All articlesData Science
in Data Science
a month ago

Bank Marketing in SmartPredict

1- Introduction

Since its creation SmartPredict has been a platform designed to facilitate our task as a data scientist but also to accomplish all steps of our Artificial Intelligence project in a single platform. In this blog we are going to describe the steps involved in carrying out an AI project for bank marketing.

2- Presentation of the BankMarketing project in SmartPredict

Bank marketing campaigns can be optimized and better-oriented owing to better customer knowledge.

Upon that, we have a dataset that describes a classic marketing campaign of a financial institution uploaded originally in the UCI Machine Learning Repository that we can also find at this link and in which attributes description can be found in the following kernel.

The project consists of creating a machine learning model that can predict whether a customer will open an account called a "term deposit" following a marketing campaign. Furthermore, we can identify the profiles of a customer, who is more likely to acquire the product.

As stated earlier, the whole project will be done in SmartPredict platform by following these steps :

  • Exploring dataset in the Dataset Processor App and in the notebook both integrated into SmartPredict
  • Building a flowchart in the build tab for training our model
  • Deploying our model Deploy tab and test it in Test tab

But above all, we create a project and upload the dataset, for more information see the following documentation.

3- Exploring dataset in SmartPredict's Dataset Processor App and in its notebook

No need to enter code or go to another place, all the tools we need for our project are included in SmartPredict, like the application Dataset Processor App, where we can carry out explorations to better analyze our data, a crucial step for a machine learning project.

The exploration will take place in two stages:

  • Visualizing dataset in Processing Tab
  • Analyzing dataset using chart available in the Visualization Tab

3. 1- Visualizing dataset in Processing Tab

In Processing Tab, we have a better visualization of the dataset as it's presented in the form of a table. In addition, the type and quality of each column are indicated.

As shown in the figure below, the data quality 100% indicates that there’s no missing data neither wrong type. We can also see that there are both categorical and numerical columns.
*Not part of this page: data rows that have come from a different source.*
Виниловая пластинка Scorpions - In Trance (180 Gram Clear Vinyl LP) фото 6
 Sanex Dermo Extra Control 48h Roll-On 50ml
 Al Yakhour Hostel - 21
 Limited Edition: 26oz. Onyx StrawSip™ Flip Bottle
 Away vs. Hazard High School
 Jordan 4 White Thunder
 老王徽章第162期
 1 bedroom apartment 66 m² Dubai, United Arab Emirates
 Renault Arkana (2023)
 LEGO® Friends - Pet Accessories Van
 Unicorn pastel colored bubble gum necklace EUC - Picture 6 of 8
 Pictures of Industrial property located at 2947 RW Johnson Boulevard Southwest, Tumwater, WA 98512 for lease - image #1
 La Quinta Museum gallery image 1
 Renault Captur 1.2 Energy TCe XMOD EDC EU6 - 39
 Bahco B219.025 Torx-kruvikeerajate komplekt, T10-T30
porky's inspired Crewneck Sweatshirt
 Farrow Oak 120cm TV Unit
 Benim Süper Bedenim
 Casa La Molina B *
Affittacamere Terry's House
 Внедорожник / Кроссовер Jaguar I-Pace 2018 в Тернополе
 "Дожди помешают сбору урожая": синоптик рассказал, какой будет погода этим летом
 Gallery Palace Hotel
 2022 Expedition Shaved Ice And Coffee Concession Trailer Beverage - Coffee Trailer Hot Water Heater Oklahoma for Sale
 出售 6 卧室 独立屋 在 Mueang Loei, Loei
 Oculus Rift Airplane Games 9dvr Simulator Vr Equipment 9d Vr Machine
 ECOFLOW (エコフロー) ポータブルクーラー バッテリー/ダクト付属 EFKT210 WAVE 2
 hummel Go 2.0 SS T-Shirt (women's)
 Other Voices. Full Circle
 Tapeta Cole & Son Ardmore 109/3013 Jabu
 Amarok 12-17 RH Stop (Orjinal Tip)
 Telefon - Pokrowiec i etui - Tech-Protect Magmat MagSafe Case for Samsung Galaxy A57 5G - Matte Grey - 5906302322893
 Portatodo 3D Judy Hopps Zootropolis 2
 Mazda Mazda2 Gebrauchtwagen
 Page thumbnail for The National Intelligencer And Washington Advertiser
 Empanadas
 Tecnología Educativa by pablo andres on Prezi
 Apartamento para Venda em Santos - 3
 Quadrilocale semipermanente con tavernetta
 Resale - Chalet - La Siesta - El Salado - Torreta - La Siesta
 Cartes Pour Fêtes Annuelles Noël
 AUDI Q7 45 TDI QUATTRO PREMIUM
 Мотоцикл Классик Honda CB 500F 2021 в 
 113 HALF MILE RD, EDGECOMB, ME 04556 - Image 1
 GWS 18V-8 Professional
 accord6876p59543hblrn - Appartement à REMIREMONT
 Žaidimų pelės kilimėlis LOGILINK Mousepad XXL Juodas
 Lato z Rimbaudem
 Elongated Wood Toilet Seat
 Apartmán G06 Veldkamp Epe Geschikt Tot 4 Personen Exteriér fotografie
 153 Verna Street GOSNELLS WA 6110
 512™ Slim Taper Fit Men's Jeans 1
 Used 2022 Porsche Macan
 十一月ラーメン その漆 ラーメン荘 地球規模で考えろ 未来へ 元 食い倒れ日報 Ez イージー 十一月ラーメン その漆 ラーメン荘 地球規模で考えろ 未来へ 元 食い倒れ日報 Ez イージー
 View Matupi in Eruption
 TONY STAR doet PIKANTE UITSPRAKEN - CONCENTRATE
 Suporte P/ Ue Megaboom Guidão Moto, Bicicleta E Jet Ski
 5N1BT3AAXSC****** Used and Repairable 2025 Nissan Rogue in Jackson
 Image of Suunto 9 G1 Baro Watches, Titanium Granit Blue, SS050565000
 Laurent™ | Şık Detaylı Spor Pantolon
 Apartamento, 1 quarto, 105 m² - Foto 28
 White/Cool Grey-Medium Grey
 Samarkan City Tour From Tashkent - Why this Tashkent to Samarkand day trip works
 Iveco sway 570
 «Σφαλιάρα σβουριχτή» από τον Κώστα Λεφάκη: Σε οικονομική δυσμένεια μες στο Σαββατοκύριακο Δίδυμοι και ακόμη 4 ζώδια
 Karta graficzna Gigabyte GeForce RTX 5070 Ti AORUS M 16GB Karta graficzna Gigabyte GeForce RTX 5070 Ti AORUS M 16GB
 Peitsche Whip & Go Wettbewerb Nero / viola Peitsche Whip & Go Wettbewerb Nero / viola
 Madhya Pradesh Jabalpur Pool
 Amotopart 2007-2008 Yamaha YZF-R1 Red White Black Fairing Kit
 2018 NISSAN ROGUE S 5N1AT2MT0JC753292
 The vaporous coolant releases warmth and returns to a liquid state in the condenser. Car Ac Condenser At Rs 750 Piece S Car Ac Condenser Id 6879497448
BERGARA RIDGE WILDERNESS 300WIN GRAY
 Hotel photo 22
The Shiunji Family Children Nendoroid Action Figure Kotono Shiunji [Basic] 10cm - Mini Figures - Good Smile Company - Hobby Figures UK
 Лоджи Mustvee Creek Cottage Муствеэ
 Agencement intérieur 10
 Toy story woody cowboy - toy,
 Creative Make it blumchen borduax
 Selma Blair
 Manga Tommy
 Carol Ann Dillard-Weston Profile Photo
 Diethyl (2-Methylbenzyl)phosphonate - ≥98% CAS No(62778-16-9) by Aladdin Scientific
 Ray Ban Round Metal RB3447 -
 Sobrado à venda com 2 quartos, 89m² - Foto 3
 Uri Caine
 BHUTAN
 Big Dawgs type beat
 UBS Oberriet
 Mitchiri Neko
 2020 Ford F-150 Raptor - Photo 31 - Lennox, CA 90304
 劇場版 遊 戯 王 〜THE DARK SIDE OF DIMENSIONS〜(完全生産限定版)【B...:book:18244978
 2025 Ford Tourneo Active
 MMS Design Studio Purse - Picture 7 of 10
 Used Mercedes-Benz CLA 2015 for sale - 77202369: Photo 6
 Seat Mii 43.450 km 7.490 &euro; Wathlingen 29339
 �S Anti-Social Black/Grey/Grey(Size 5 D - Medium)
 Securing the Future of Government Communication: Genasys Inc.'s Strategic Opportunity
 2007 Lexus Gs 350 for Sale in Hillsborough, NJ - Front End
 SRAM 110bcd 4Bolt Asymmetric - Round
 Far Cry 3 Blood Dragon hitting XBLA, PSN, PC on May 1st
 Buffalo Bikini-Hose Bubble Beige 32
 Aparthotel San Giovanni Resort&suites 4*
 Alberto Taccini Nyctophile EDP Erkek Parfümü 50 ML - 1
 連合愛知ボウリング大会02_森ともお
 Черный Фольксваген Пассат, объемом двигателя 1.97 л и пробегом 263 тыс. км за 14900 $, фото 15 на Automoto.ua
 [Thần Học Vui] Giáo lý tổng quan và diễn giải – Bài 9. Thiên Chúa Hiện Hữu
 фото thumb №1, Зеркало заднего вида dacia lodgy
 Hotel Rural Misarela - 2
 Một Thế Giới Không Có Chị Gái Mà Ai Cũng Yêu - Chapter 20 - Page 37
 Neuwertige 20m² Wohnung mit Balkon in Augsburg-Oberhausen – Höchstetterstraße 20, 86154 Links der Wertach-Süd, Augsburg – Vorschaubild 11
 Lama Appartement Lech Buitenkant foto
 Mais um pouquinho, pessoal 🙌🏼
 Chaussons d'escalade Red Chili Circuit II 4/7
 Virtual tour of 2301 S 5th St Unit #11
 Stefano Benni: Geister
Data Visualization as a table in Processing Tab

3.2- Analyzing data using chart available in the Visualization tab

This application in SmartPredict allows us to visualize the data using different types of charts without entering codes.

It should be noted that at the time of speaking,with SmartPredict beta, the visualization tab in SmartPredict only supports 5000 lines of our data, but we can always have a better analysis of data by viewing the figures below.

  • First, we will observe how our categorical type data, then the numerical one are distributed with a bar and a histogram chart respectively. Let's see some figures below.

Job distribution with BarChart

Education distribution with BarChart

Housing distribution with BarChart

Marital distribution with BarChart

Pdays distribution with Histogram Chart

Previous distribution with Histogram Chart

Campaign distribution with Histogram Chart

Balance distribution with Histogram Chart

Note:

By viewing these diagrams we note that, there are outliers in 'pdays' , and in 'previous' columns. So let's look closer to the values of these columns with the whole data in the great notebook customized in SmartPredict.

Statistical value of 'pdays' and 'previous' column

As we can see the 50% of values in 'pdays' and 'previous' are respectively "-1" and "0". Remember that 'pdays' column holds the "number of days that passed by after the client was last contacted from a previous campaign" so "-1" possibly means that the client wasn't contacted before or stands for missing data. So we suggest dropping this column while cleaning data.

Besides "previous" column holds the " Number of contacts performed before this campaign and for this client". Numbers for 'previous' above 34 are also really strange, so we suggest to impute them with average 'previous' values while cleaning data.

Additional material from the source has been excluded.